We will run amplify add predictions with the following options:

  • Category: identify
  • What would you like to identify: Identify Text
  • Friendly name: <<use default>>
  • Identify documents: yes
  • Access: Auth users only

The Amplify CLI output will look similar to this:


Evertsons-MacBook-Pro:theamplifyapp evertsoncroes$ amplify add predictions
✔ Please select from one of the categories below · Identify
✔ What would you like to identify? · Identify Text
✔ Provide a friendly name for your resource · identifyTextd230b04a
✔ Would you also like to identify documents? (y/N) · yes
✔ Who should have access? · Auth users only
Successfully added resource identifyTextd230b04a locally

As with the previous category, we want only to allow access to authenticated users.
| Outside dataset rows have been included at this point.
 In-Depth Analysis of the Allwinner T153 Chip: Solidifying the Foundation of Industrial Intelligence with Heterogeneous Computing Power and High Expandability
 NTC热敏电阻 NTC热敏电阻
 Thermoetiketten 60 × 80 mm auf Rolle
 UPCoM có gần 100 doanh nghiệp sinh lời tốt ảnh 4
This command will add a new directory called predictions to our amplify/backend directory, which will contain information needed to create the resources in AWS to support the new functionality.
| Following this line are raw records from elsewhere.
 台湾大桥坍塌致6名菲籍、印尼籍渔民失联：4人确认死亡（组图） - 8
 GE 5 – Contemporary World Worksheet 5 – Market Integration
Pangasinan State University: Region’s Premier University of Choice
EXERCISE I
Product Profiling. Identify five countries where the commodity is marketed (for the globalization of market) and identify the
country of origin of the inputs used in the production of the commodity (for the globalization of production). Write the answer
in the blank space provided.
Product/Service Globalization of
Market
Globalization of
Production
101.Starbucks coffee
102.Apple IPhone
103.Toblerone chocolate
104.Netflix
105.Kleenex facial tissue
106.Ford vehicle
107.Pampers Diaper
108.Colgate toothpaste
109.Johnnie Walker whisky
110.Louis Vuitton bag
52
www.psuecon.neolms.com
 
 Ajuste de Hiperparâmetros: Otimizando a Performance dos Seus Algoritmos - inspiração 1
Bug: Before continuing, we need to add some manual changes to the generated output since there is a bug in the 10.8.1 version of the Amplify CLI. To fix the issue, open the amplify/backend/predictions/identifyText<<id>>/parameters.json file and add the following three key-value pairs to it:

  • “format”: “PLAIN”
  • “access”: “auth”
  • “identifyDoc”: “document”

We will run amplify push to create these resources in AWS. The AWS services used here are Amazon Rekognition for image recognition and Amazon Textract for document analysis. 

Note that using these services will cost money. Amazon Rekognition will cost around $0.001 per image processed, while Amazon Textract costs around $0.0015 per document processed. As a general rule, be sure to set up a budget with billing alerts for your AWS account so you don’t get surprised by large costs. 
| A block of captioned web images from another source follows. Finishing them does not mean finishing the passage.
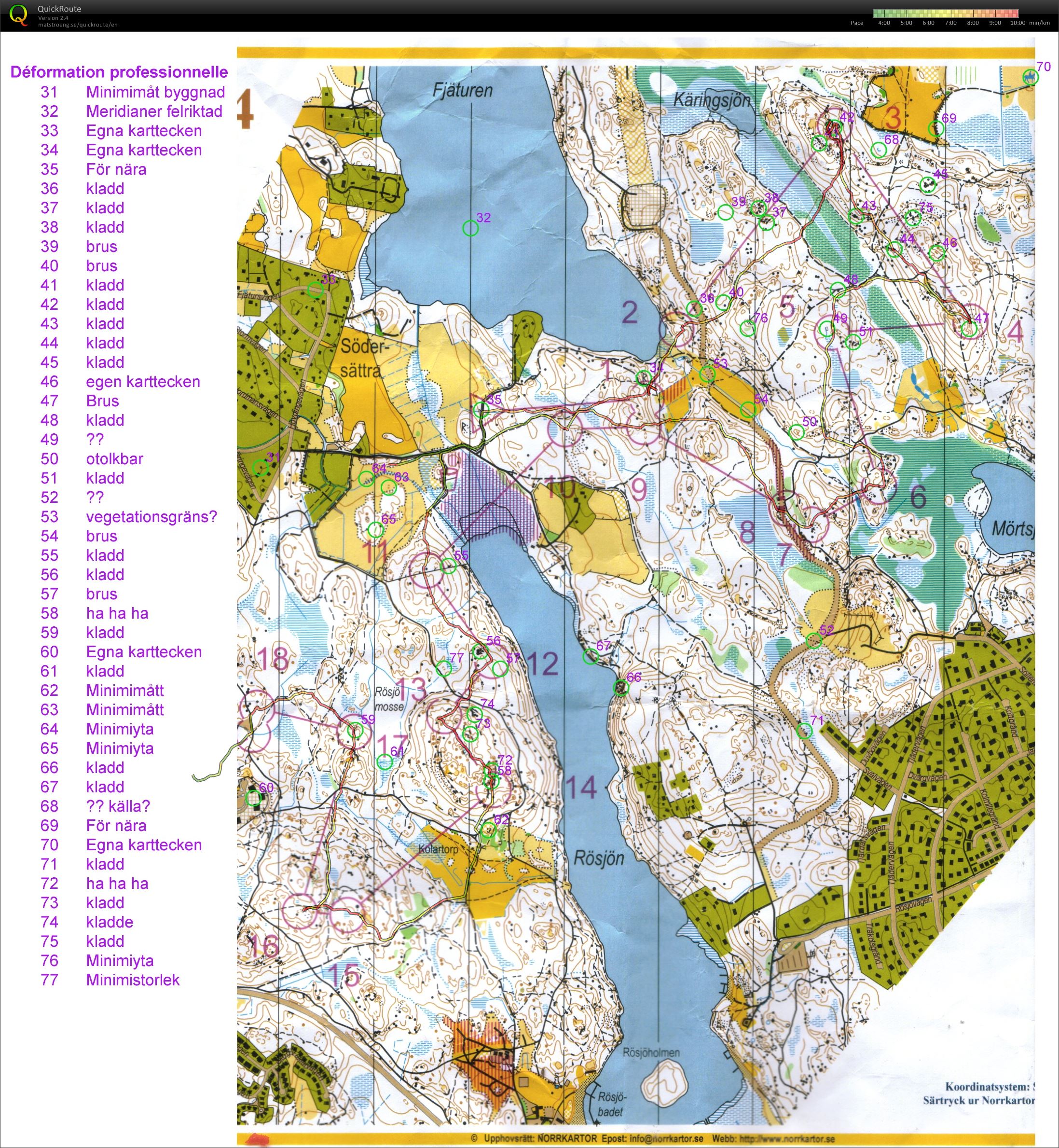 Nått DM Stockholm 2014 (2014-09-12)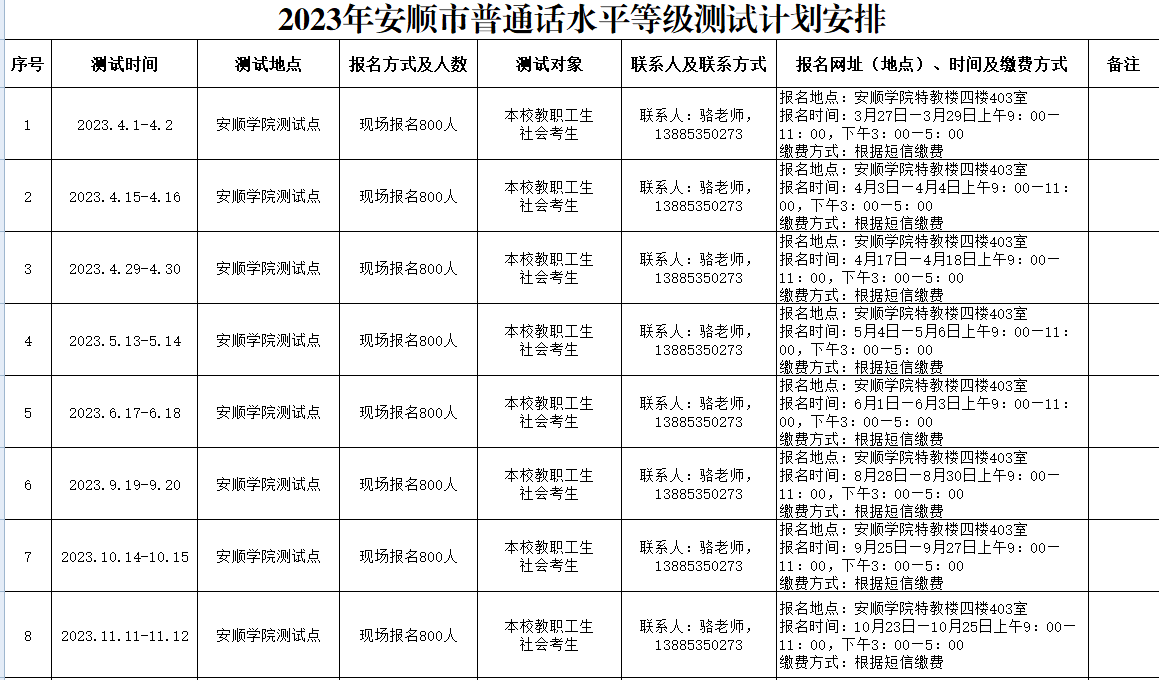 2023年贵州安顺市普通话报名时间3月27日开始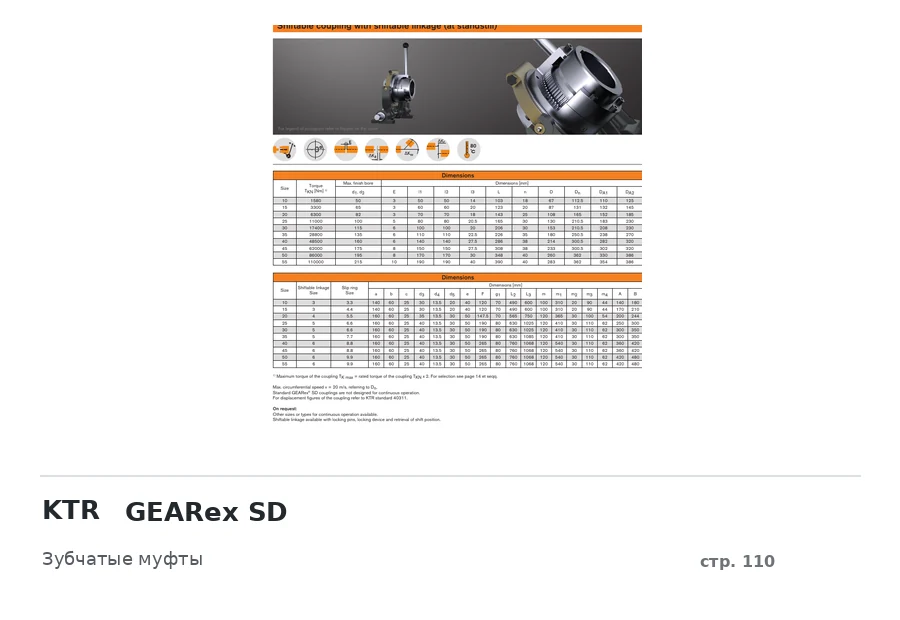 KTR GEARex SD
These commands will add the following changes to our repository.

Adding the predictions page

The first thing we need to do is add a new component to our frontend application that will contain all the predictions functionality:

ng generate component components/categories/predictions

This will generate the expected files for our component. We will then link up routing to be able to render this component. Refer to this commit for the details so far. 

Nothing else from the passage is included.